May we continue this week to pray for those whose loved ones perished in senseless acts of violence and for those who continue to reach down inside themselves to find, amid life’s greatest losses, a spirit of compassion and hope, and the courage and endurance to share these with others in greatest need. And may we pray as well for the grace in our own lives to find, in our deepest needs, our greatest gifts and hearts to share. Amen.

Friday, September 4, 2009

Discernment with Dogs

Eugenia Lo Photo Blog

“A bone to the dog is not charity. Charity is the bone shared with the dog when you are just as hungry as the dog,” Jack London.

“From there he set out and went away to the region of Tyre. He entered a house and did not want anyone to know he was there. Yet he could not escape notice, 25but a woman whose little daughter had an unclean spirit immediately heard about him, and she came and bowed down at his feet. 26Now the woman was a Gentile, of Syrophoenician origin. She begged him to cast the demon out of her daughter. 27He said to her, ‘Let the children be fed first, for it is not fair to take the children’s food and throw it to the dogs.’ 28But she answered him, ‘Sir, even the dogs under the table eat the children’s crumbs.’ 29Then he said to her, ‘For saying that, you may go—the demon has left your daughter.’ 30So she went home, found the child lying on the bed, and the demon gone,” Mark 7:24 – 30.

What do I share from my poverty, my hunger; what can I offer of what little I have within myself to give.
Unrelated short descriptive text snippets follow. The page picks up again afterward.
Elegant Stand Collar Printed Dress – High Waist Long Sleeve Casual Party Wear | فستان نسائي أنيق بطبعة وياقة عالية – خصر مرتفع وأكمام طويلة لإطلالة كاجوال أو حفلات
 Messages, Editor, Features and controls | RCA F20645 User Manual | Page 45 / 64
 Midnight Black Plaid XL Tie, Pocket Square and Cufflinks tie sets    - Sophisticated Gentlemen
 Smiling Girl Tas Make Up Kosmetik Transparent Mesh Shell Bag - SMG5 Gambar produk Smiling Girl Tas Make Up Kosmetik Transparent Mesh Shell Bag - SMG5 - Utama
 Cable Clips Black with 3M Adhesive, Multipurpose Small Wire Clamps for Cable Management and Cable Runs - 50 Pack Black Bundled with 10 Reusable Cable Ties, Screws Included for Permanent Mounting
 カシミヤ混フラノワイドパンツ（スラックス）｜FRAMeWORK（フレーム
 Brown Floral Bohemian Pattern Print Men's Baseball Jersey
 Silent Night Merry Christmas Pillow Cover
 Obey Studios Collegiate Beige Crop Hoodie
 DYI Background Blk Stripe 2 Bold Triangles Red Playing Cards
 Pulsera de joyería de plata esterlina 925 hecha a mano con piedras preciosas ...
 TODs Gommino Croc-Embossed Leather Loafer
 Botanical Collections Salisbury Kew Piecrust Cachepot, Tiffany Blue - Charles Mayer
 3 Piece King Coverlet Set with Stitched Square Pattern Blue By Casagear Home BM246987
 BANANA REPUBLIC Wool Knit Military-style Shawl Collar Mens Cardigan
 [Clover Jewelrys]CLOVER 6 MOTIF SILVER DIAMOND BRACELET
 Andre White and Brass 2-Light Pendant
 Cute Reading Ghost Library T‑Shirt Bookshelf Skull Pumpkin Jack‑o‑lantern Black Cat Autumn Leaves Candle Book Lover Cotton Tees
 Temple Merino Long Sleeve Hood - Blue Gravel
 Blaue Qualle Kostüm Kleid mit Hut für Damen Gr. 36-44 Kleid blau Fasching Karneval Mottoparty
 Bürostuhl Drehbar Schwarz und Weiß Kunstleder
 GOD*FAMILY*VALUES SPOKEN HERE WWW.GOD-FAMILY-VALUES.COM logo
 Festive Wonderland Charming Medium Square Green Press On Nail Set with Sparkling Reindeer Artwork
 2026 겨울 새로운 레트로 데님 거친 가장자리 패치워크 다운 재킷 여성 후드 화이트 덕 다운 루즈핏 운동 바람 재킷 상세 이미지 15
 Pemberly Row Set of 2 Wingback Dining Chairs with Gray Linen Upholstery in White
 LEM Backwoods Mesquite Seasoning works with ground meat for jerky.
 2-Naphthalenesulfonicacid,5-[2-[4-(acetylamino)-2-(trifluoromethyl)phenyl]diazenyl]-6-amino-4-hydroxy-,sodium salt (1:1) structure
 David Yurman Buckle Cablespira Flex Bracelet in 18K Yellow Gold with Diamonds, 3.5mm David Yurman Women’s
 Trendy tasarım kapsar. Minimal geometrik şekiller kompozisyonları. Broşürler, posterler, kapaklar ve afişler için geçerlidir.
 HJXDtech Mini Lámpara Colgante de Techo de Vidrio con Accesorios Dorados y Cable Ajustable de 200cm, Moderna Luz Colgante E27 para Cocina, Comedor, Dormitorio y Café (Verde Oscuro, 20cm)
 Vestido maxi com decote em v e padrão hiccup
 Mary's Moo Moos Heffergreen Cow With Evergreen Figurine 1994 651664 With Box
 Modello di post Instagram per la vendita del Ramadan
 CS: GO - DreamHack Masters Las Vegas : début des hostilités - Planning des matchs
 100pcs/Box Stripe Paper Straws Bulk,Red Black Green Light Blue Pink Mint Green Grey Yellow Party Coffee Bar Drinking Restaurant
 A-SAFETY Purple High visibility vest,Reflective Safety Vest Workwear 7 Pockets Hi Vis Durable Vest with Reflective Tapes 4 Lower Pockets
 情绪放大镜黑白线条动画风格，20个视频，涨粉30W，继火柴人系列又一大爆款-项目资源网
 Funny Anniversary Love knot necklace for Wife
Not a question but a statement.

An intent.

A prayer.

After I have come to my Lord’s table as an outsider, a beggar, a woman in blind and desperate need and have received the miracle that I longed for, hoped for, but never truly expected; what can I share of graces I have poorly received; what can I give; what bone from my own scant laid table can I let drop to the floor; what can I say that might change a heart, drive the hungry demons out of God’s broken, grieving, suffering people.

Lord, I desire in my poverty, to seek to do you will; to give out of what I have received seeking only to love as you have loved me. Amen.

Wednesday, September 2, 2009

Lifting to the Unknown

“LIFT up thine heart unto God with a meek stirring of love; and mean Himself, and none of His goods,” Cloud of Unknowing.

The Cloud of Unknowing is a classic of Christian mysticism. Written, it is supposed, in the later half of the 14th century by an unknown monastic, the work is one of guidance for those seeking spiritual counsel in contemplative prayer in late medieval monasticism. I’ve read it several times, always struggling with the author’s most basic meanings.

There’s been so much for so long: changes in healthcare, always, the order of the day; obligations ending and beginning; lots and lots of really, really hurting, broken people; good friends battling horrible illnesses and grieving sad, sad losses; sorrows and anxieties, uncertainties and unknowns each one reminding me….

I think I might be slowly, very slowly finely, prayerfully getting it.

I know nothing.

I’m getting OK with that.

Better, I’m finding the notion peace provoking, meekly stirring in my heart love. Love for God and not for the gifts or things of God, all of which are transitory. Not for the suffering and grief which can provoke either righteous anger with or deepest longing for God.

No, I find my heart in silent prayer lifting meekly in love for God alone. Amen.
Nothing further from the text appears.